TASK PROMPT: From the first line to the last, repeat the data exactly and drop the pictures.

EXERCISE DATA:

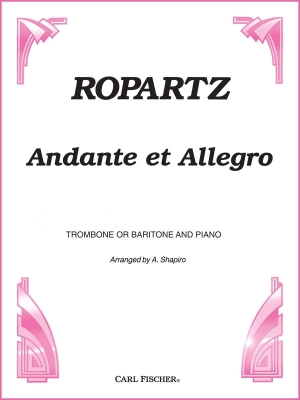 Carl Fischer - Andante et Allegro Ropartz, Shapiro Trombone et piano Partition individuelle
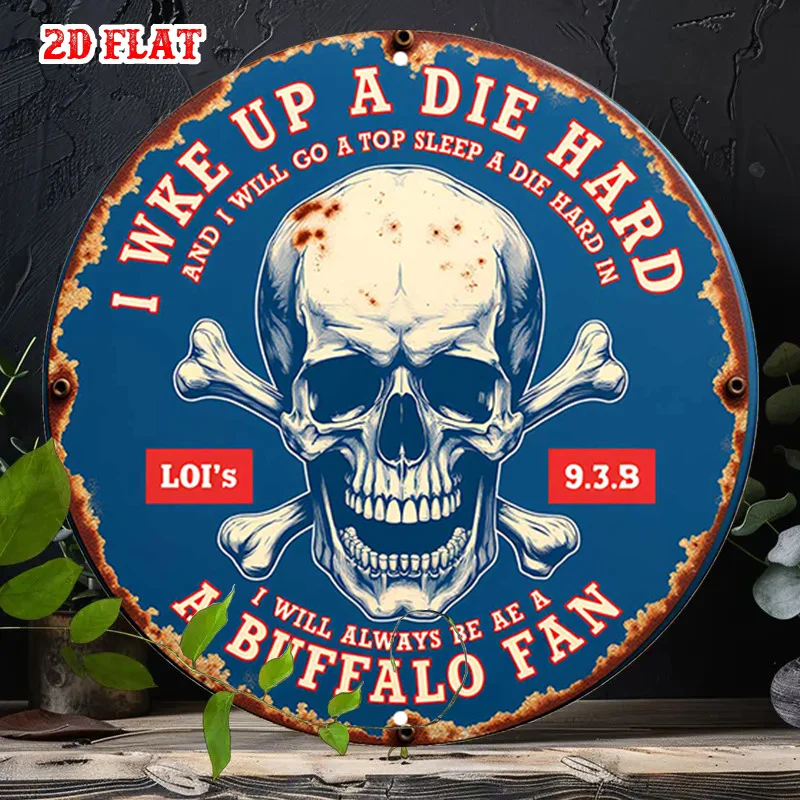 2D Flaches, 1-teiliges Vintage-Metallschild im Piraten-Stil – Runde Totenkopf-Wanddekoration mit gekreuzten Knochen, „I Wake Up Die Hard“ & Buffalo Fan-Zitat
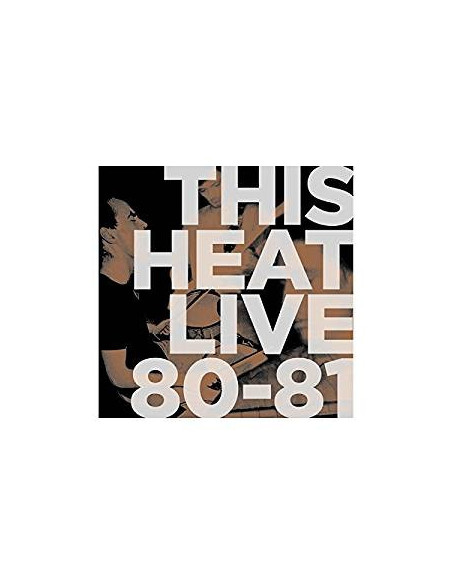This Heat - Live 80-81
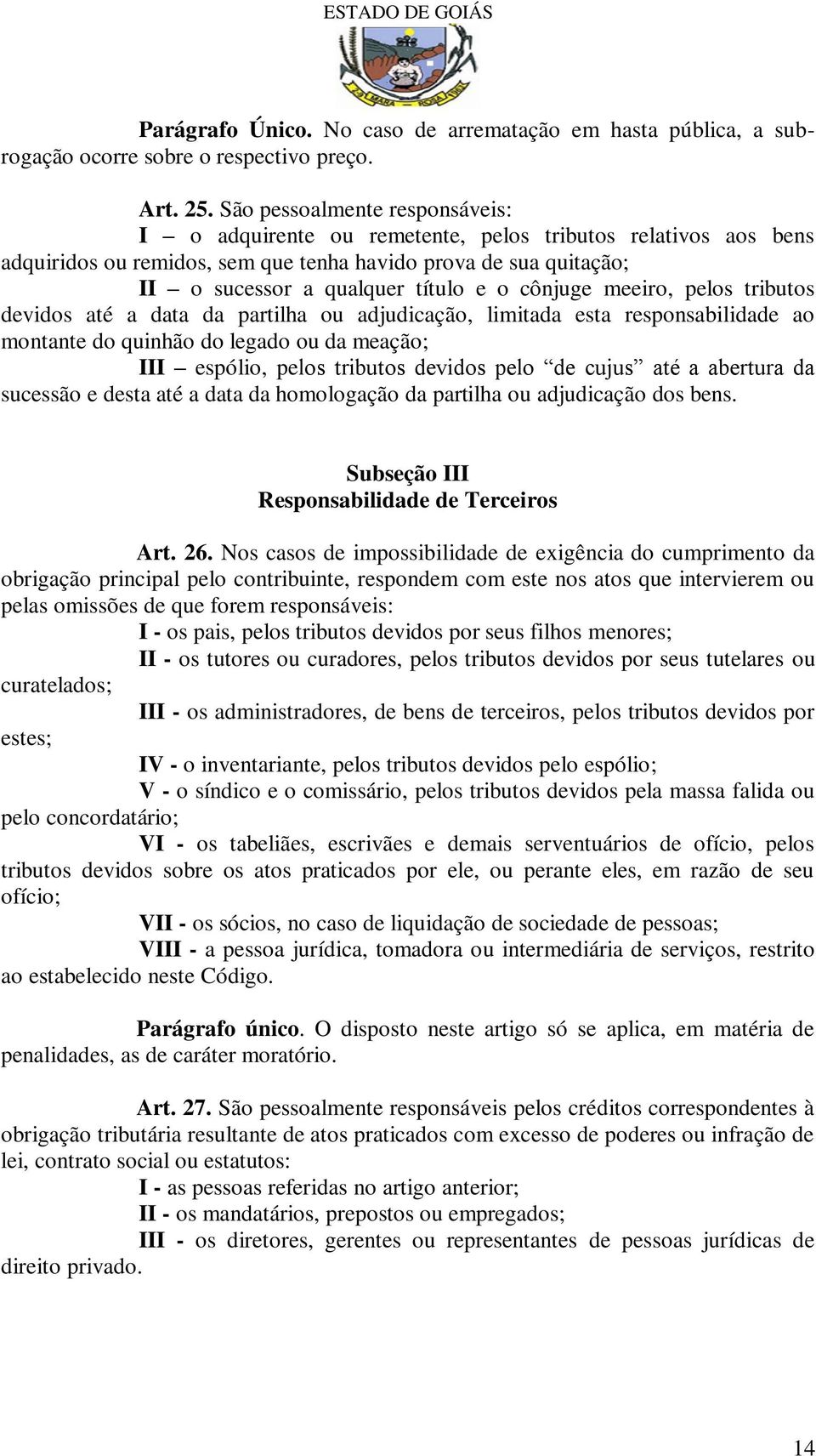 cônjuge meeiro, pelos tributos devidos até a data da partilha ou adjudicação, limitada esta responsabilidade ao montante do quinhão do legado ou da meação; III espólio, pelos tributos devidos pelo de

ANSWER:
 Carl Fischer - Andante et Allegro Ropartz, Shapiro Trombone et piano Partition individuelle
 2D Flaches, 1-teiliges Vintage-Metallschild im Piraten-Stil – Runde Totenkopf-Wanddekoration mit gekreuzten Knochen, „I Wake Up Die Hard“ & Buffalo Fan-Zitat
This Heat - Live 80-81
 cônjuge meeiro, pelos tributos devidos até a data da partilha ou adjudicação, limitada esta responsabilidade ao montante do quinhão do legado ou da meação; III espólio, pelos tributos devidos pelo de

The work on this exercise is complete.